Here is the complete R script that we have used to demonstrate product network analysis:
library(igraph, quietly = TRUE)
## Creating a simple graph
simple.graph <- graph_from_literal(A-B, B-C, C-D, E-F, A-E, E-C)
plot.igraph(simple.graph)
## Graph properties
E(simple.graph) # Edges
V(simple.graph) # Vertices
## Graph attributes
V(simple.graph)$name <- c('alice', 'bob','charlie','david', 'eli','francis')
simple.graph <- set_vertex_attr(simple.graph ,"age", value = c('11', '11','15','9', '8','11'))
plot.igraph(simple.graph)
V(simple.graph)$color <- ifelse(V(simple.graph)$age == '11', "blue","green")
plot.igraph(simple.graph)
# Structural properties
degree(simple.graph) # degree of nodes
E(simple.graph)$weight <- c(10,20,35,15,25,35)
strength(simple.graph) # strength of nodes
get.adjacency(simple.graph) # adjacency matrix
# Delete edges and nodes
simple.graph <- delete.edges(simple.graph, "alice|bob" )
simple.graph <- delete.vertices(simple.graph, 'francis')
plot(simple.graph)
# use case date
data <- read.csv('data.csv')
head(data)
## Prepare the data
library(arules)
transactions.obj <- read.transactions(file = 'data.csv', format = "single",
sep = ",",
cols = c("order_id", "product_id"),
rm.duplicates = FALSE,
quote = "", skip = 0,
encoding = "unknown")
transactions.obj
# Interest Measures
support <- 0.015
# Frequent item sets
parameters = list(
support = support,
minlen = 2, # Minimal number of items per item set
maxlen = 2, # Maximal number of items per item set
target = "frequent itemsets"
)
freq.items <- apriori(transactions.obj, parameter = parameters)

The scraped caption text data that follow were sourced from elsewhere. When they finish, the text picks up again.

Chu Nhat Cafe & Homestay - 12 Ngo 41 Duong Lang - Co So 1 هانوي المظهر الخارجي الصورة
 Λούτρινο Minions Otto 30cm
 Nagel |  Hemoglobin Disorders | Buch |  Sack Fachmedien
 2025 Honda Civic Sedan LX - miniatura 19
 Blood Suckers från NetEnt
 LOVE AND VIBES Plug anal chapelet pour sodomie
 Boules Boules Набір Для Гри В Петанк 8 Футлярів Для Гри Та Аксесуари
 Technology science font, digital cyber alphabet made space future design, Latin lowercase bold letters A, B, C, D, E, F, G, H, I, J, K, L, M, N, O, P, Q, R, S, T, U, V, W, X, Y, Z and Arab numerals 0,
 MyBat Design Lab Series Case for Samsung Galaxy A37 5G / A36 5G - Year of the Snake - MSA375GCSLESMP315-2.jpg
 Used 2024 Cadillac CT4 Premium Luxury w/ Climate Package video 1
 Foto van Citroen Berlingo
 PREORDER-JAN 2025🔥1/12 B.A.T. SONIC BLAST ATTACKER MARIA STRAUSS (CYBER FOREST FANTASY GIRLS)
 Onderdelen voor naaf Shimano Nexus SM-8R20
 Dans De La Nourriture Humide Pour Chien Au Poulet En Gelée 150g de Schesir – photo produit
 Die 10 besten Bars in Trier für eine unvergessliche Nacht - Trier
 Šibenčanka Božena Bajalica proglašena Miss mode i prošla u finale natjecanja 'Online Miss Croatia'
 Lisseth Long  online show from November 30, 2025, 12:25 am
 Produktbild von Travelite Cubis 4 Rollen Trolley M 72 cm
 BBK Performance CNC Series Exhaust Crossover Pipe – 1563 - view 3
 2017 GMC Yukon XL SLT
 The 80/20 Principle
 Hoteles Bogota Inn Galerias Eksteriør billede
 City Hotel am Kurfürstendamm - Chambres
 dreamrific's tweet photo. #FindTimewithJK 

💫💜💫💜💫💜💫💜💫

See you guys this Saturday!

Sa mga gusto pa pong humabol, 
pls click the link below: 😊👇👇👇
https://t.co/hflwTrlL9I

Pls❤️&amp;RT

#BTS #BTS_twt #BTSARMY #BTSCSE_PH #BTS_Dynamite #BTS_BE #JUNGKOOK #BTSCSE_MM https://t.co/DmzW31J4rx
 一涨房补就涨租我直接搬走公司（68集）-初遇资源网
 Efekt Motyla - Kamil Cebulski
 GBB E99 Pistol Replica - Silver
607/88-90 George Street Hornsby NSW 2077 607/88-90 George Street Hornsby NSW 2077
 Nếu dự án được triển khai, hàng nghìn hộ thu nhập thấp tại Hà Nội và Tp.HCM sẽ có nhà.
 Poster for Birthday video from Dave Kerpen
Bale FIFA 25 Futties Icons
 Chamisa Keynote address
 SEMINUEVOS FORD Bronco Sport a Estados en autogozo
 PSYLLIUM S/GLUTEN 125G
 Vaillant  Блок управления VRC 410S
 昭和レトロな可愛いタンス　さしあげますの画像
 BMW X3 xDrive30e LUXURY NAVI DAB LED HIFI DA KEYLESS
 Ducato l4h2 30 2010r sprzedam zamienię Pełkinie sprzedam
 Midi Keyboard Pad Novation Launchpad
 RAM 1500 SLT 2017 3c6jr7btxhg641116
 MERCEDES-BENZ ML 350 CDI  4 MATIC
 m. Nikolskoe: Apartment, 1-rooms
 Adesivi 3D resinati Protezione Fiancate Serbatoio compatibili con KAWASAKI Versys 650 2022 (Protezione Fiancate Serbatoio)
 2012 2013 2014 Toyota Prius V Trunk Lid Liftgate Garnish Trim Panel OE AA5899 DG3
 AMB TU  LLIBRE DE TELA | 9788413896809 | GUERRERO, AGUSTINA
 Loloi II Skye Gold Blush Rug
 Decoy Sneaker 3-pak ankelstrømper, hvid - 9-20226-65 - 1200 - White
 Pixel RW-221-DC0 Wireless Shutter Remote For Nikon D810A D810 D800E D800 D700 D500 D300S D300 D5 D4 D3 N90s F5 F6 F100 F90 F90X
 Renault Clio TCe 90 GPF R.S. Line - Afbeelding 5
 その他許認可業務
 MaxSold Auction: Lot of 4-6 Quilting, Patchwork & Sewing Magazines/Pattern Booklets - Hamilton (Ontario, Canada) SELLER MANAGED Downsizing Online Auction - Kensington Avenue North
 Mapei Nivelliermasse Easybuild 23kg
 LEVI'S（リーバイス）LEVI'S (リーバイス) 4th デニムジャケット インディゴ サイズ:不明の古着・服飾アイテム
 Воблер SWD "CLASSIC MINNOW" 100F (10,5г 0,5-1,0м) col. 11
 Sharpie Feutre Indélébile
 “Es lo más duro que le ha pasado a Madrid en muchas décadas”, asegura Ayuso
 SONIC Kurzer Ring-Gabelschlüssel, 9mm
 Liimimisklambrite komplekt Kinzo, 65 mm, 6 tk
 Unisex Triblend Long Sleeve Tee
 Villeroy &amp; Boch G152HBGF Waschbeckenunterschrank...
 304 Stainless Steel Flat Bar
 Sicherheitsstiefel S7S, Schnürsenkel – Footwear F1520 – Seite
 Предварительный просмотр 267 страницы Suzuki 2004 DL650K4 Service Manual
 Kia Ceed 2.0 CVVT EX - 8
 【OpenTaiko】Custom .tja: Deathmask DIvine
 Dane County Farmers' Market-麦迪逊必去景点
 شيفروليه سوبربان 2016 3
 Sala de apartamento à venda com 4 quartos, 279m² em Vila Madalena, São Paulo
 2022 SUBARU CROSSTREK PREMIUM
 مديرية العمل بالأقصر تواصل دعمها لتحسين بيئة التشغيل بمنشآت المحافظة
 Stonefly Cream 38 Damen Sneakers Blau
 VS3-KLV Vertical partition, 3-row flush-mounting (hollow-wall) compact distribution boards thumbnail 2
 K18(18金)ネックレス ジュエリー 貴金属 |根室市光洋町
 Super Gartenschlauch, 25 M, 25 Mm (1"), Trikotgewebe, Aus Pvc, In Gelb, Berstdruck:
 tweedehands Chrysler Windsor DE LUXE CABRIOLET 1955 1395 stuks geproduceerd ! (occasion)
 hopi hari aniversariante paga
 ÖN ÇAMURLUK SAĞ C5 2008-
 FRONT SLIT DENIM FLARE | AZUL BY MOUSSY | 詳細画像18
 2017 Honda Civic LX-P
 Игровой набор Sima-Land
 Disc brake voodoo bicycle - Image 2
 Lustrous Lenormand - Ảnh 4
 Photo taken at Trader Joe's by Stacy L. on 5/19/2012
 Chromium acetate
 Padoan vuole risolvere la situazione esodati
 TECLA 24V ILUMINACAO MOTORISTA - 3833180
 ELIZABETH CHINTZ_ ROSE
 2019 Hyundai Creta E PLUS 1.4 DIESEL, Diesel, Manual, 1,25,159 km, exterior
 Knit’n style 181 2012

# Let us examine our freq item sites
freq.items.df <- data.frame(item_set = labels(freq.items)
, support = freq.items@quality)
freq.items.df$item_set <- as.character(freq.items.df$item_set)
head(freq.items.df)
# Clean up for item pairs
library(tidyr)
freq.items.df <- separate(data = freq.items.df, col = item_set, into = c("item.1", "item.2"), sep = ",")
freq.items.df[] <- lapply(freq.items.df, gsub, pattern='\{', replacement='')
freq.items.df[] <- lapply(freq.items.df, gsub, pattern='\}', replacement='')
head(freq.items.df)
# Prepare data for graph
network.data <- freq.items.df[,c('item.1','item.2','support.count')]
names(network.data) <- c("from","to","weight")
head(network.data)
## Build the graph
library(igraph, quietly = TRUE)
set.seed(29)
my.graph <- graph_from_data_frame(network.data)
plot.igraph(my.graph,
layout=layout.fruchterman.reingold,
vertex.label.cex=.5,
edge.arrow.size=.1)
## Clustering
random.cluster <- walktrap.community(my.graph)
str(random.cluster)
random.cluster
groupings.df <- data.frame(products = random.cluster$names, group = random.cluster$membership)
head(groupings.df)
groupings.df[groupings.df$group == 2,]
groupings.df[groupings.df$group == 1,]
plot(random.cluster,my.graph,
layout=layout.fruchterman.reingold,
vertex.label.cex=.5,
edge.arrow.size=.1)
get.adjacency(my.graph)
strength(my.graph)
degree(my.graph)
## Random walks
for(var in seq(1,5)){
print (random_walk(my.graph, start = "Banana", steps = 2))
}
random_walk(my.graph, start = "Banana", steps = 3)
random_walk(my.graph, start = "Banana", steps = 4)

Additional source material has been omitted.